Instrumentation


Homemade grazing-incidence dye laser, pumped with the second harmonic of a Nd:YAG laser.
Time-of-flight mass spectrometer. This apparatus has been used to detect Cl and H atomic products from the photolysis of vibrationally excited methyl chloride by resonance-enhanced multiphoton ionization. The ions are produced in the chamber and the far end of the apparatus and are accelerated into a 1-meter long field-free flight tube and detected at the near end..
Apparatus for the study of the electronic spectroscopy of weakly bound complexes of the boron and aluminum atoms with rare gases and small molecules. The atoms are prepared by multiphoton dissociation of a volatile precursor by irradiation with a 193 nm excimer laser (center-left portion of the figure) in a free supersonic pulsed jet directed downward into the 10 in. diffusion pump.
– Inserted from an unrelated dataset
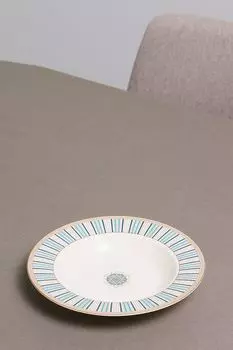 Тарелка суповая фарфоровая с принтом Country Life Pozzi Milano 1876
Atoms and complexes are detected downstream of the source by laser fluorescence excitation with a tunable dye laser (bottom-center postion of the figure).
Cavity ring-down spectrometer for detection of transient intermediates by long-path absorption spectroscopy. Light is injected into a resonant optical cavity through the mirror on the left-hand side. The photon lifetime is determined by measuring the decay of the light in the cavity with a photomultiplier which detects light passing out of the right-hand mirror. This spectrometer is being used to study the spectroscopy and kinetics of the H2CN redical, which is prepared by 193 nm photolysis of formaldoxime. The 193 nm light is passed into the cell through the rectangular window.
Flow apparatus for the study of inelastic molecular collisions between specific single rotational levels of a diatomic molecule. In the present series of experiments, high rotational levels of the CN radical are prepared by 193 nm excimer laser (top-right portion of the figure) photolysis of BrCN. State-to-state energy transfer is being studied by optical-optical double resonance.